(Instructions to follow) Since only the words are wanted, reproduce every entry exactly and leave the images behind.

(Entries provided)
○ ○ ○ ○ ○
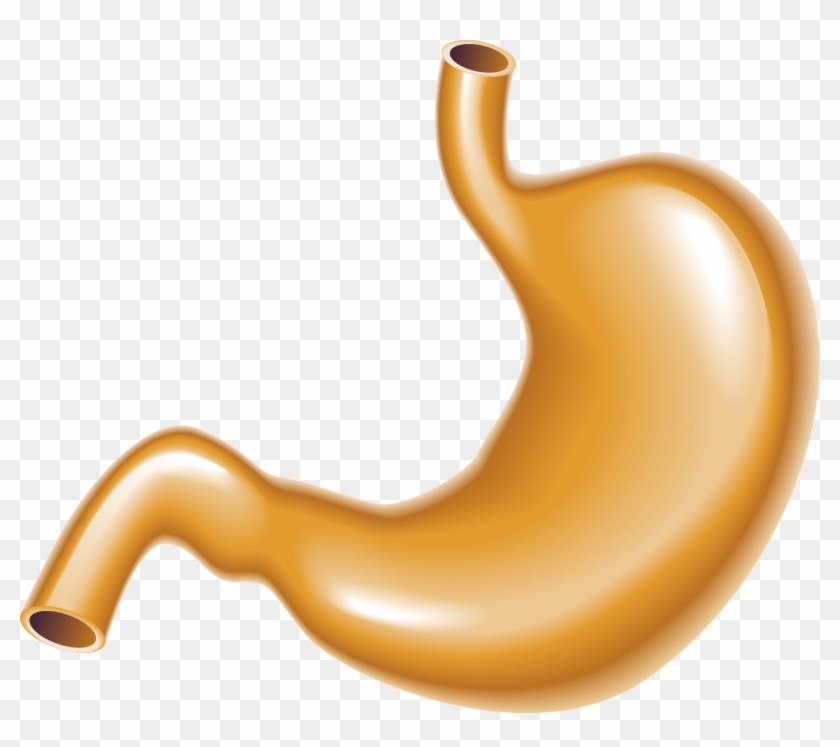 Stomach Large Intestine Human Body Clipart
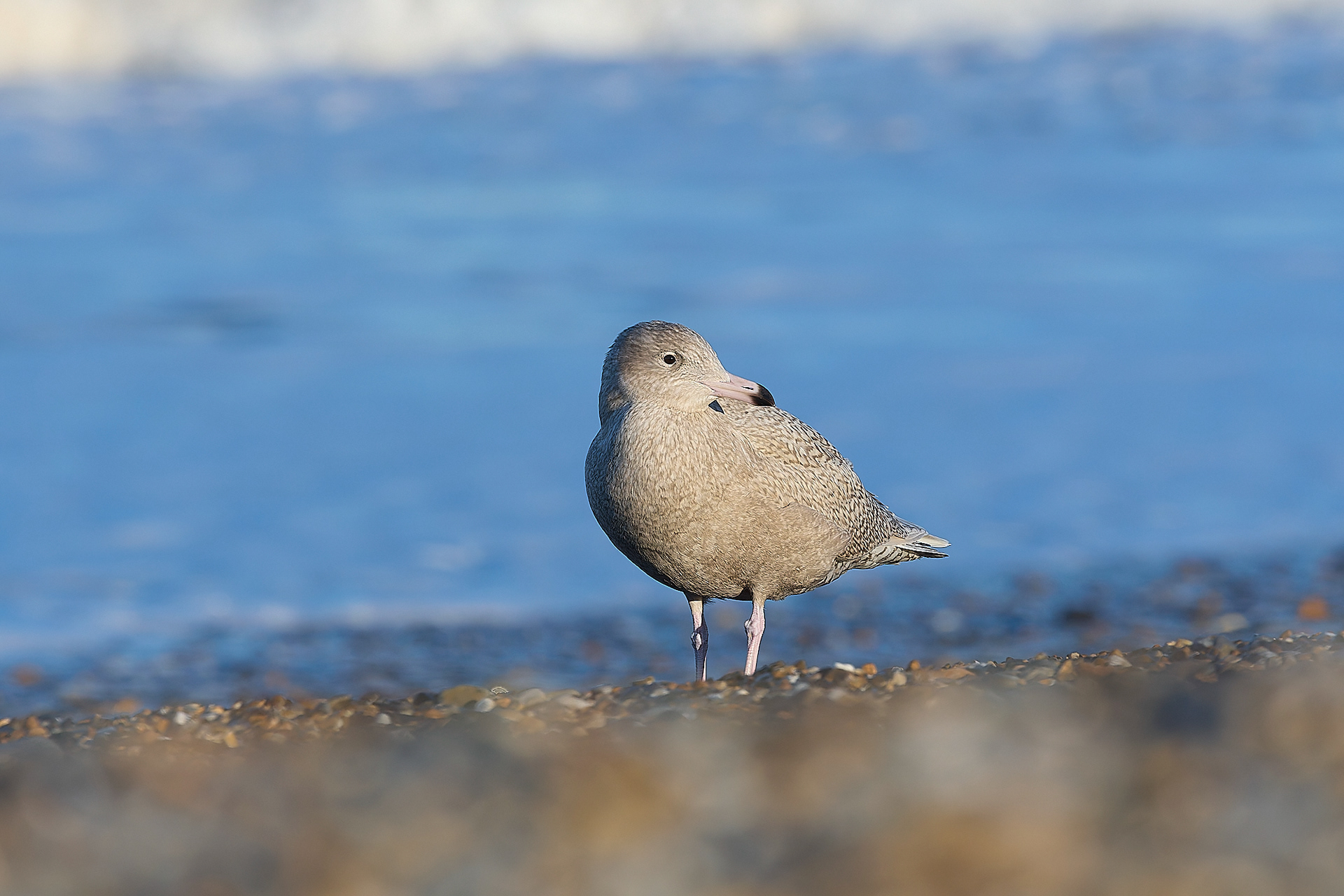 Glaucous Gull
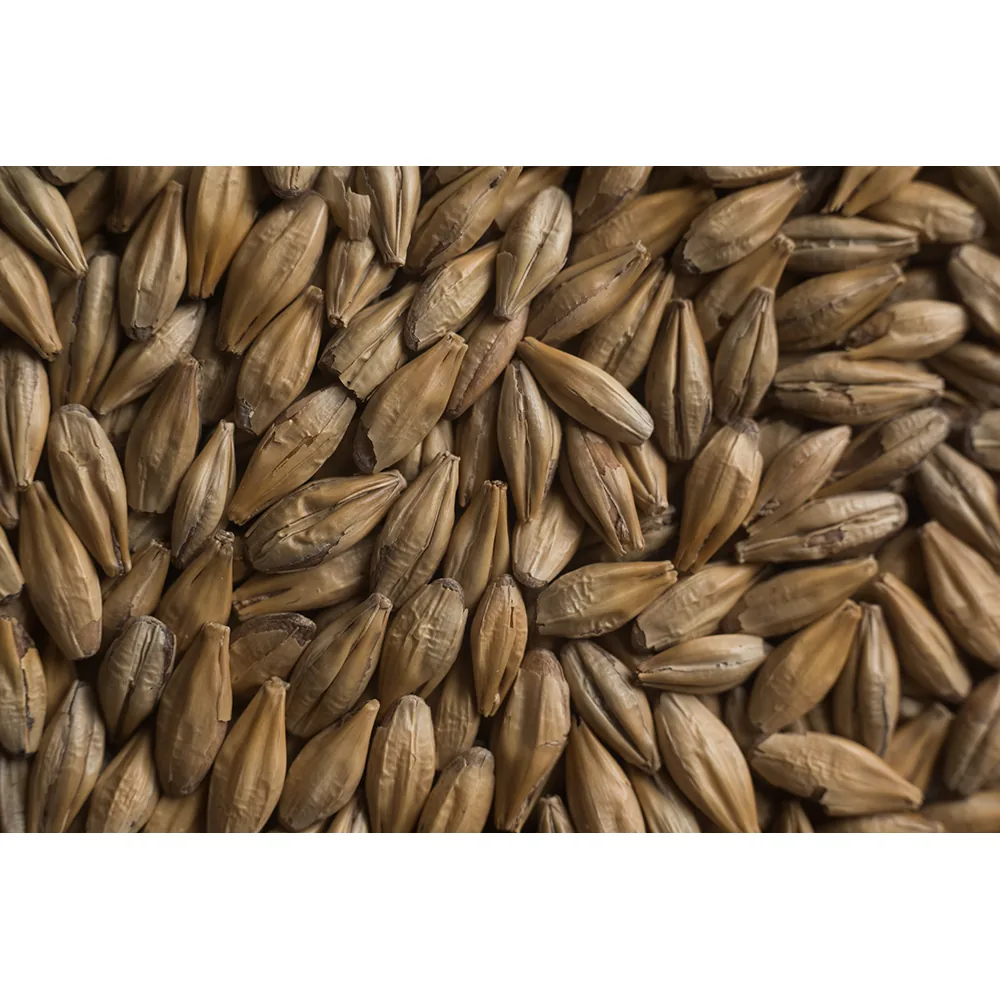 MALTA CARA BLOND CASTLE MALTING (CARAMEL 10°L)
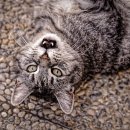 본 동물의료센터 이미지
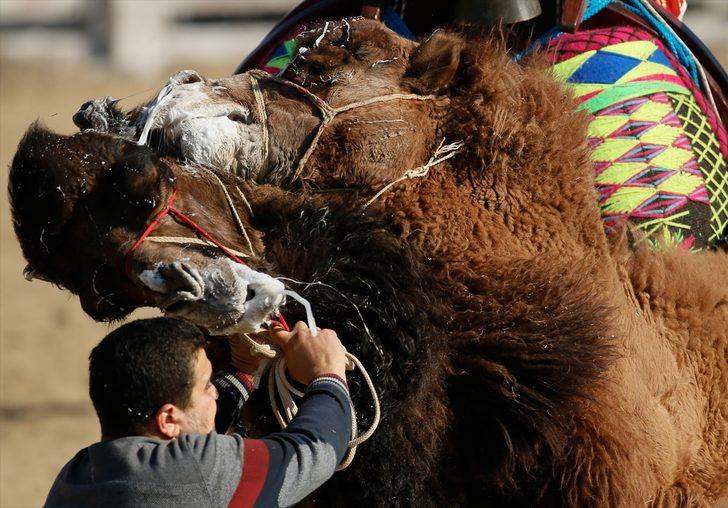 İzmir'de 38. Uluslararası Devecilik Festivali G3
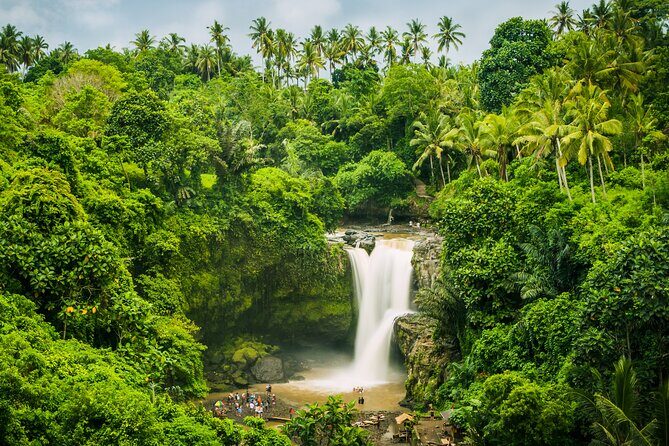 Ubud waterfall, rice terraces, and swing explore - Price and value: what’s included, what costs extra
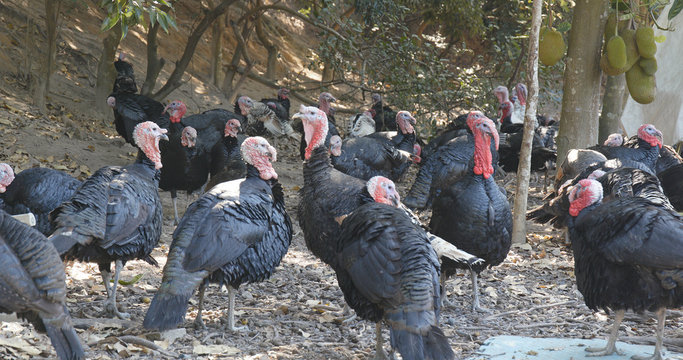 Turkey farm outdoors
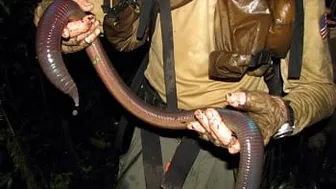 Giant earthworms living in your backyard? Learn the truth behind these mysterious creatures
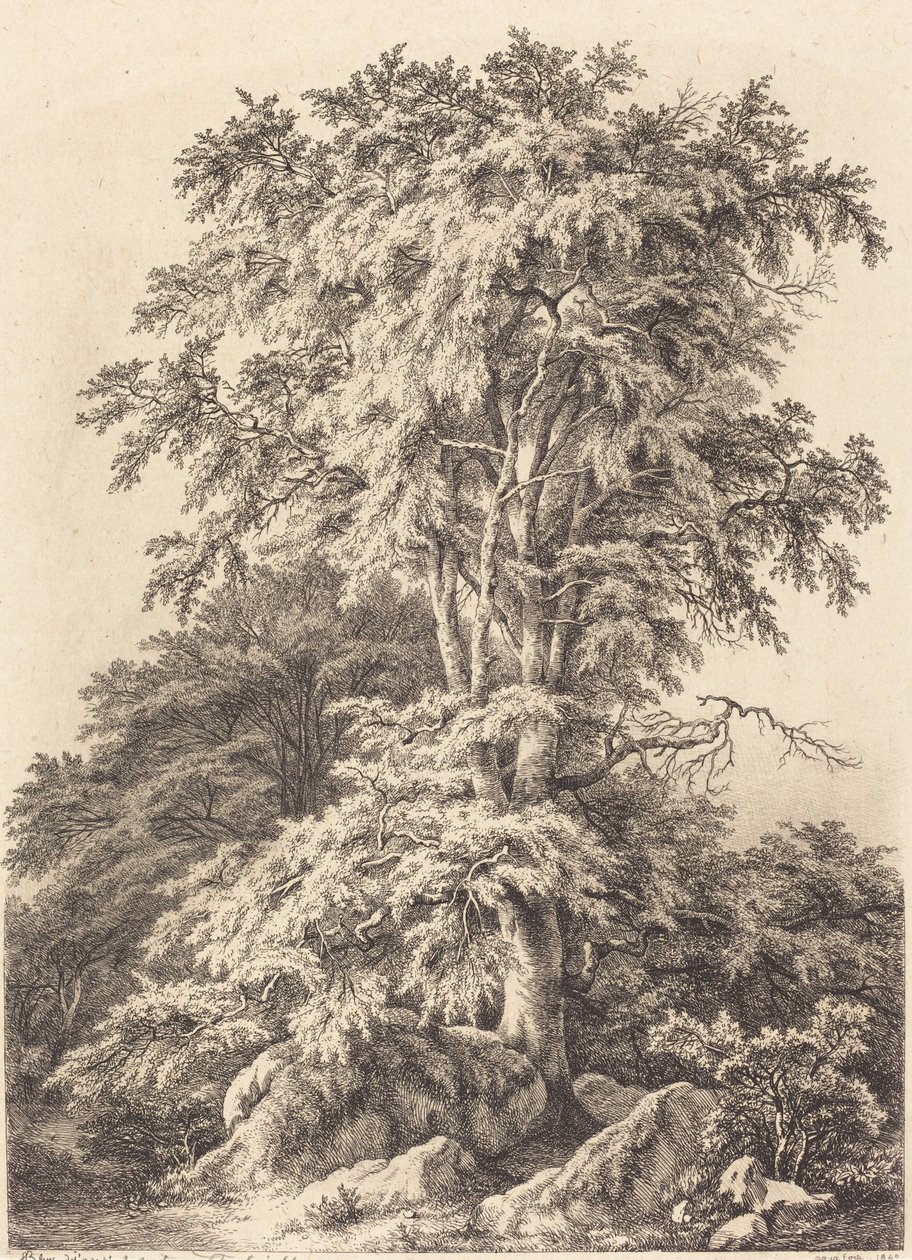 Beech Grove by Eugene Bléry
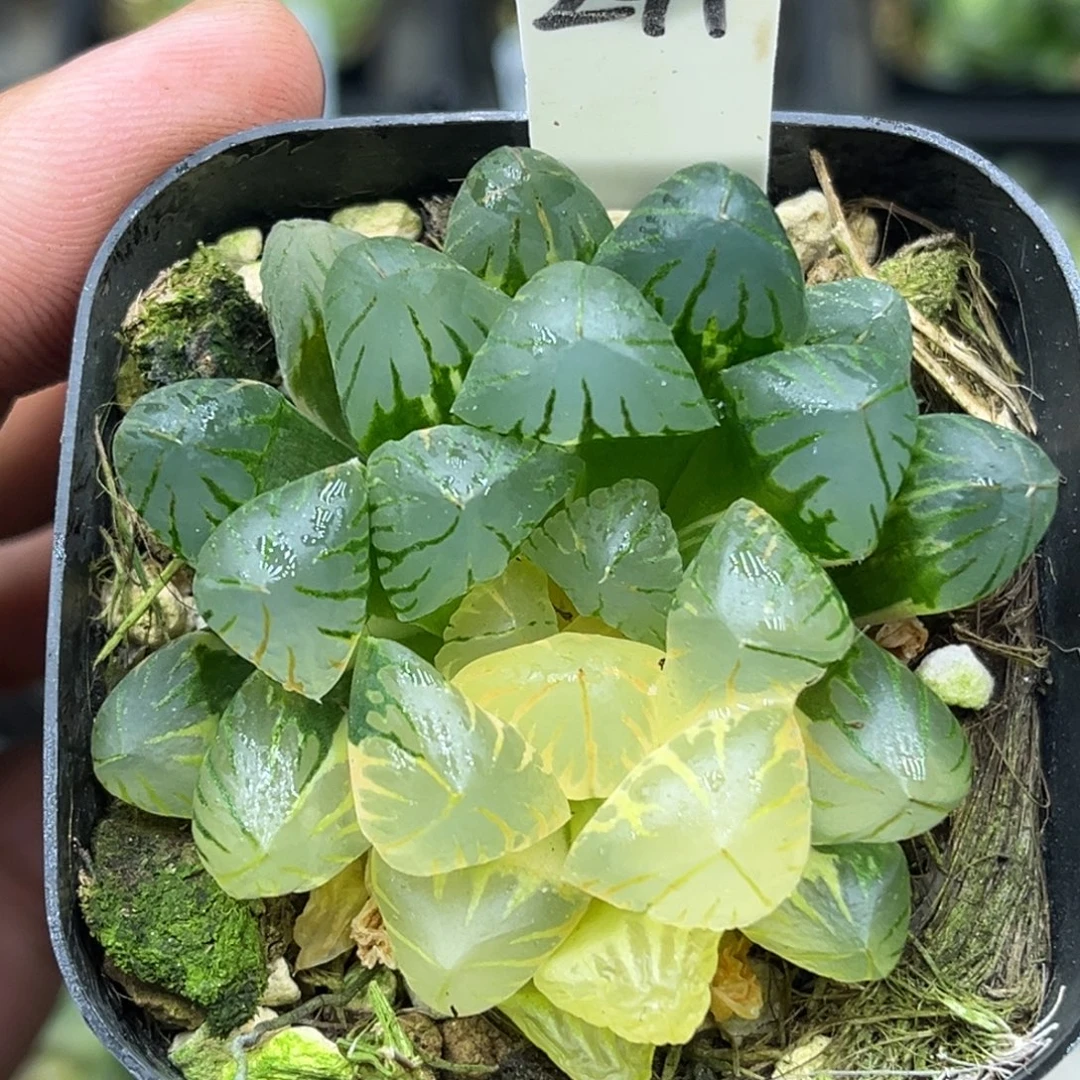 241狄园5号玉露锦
○ ○ ○ ○ ○
(Exercise solution)
 Stomach Large Intestine Human Body Clipart
 Glaucous Gull
 MALTA CARA BLOND CASTLE MALTING (CARAMEL 10°L)
 본 동물의료센터 이미지
 İzmir'de 38. Uluslararası Devecilik Festivali G3
 Ubud waterfall, rice terraces, and swing explore - Price and value: what’s included, what costs extra
 Turkey farm outdoors
 Giant earthworms living in your backyard? Learn the truth behind these mysterious creatures
 Beech Grove by Eugene Bléry
 241狄园5号玉露锦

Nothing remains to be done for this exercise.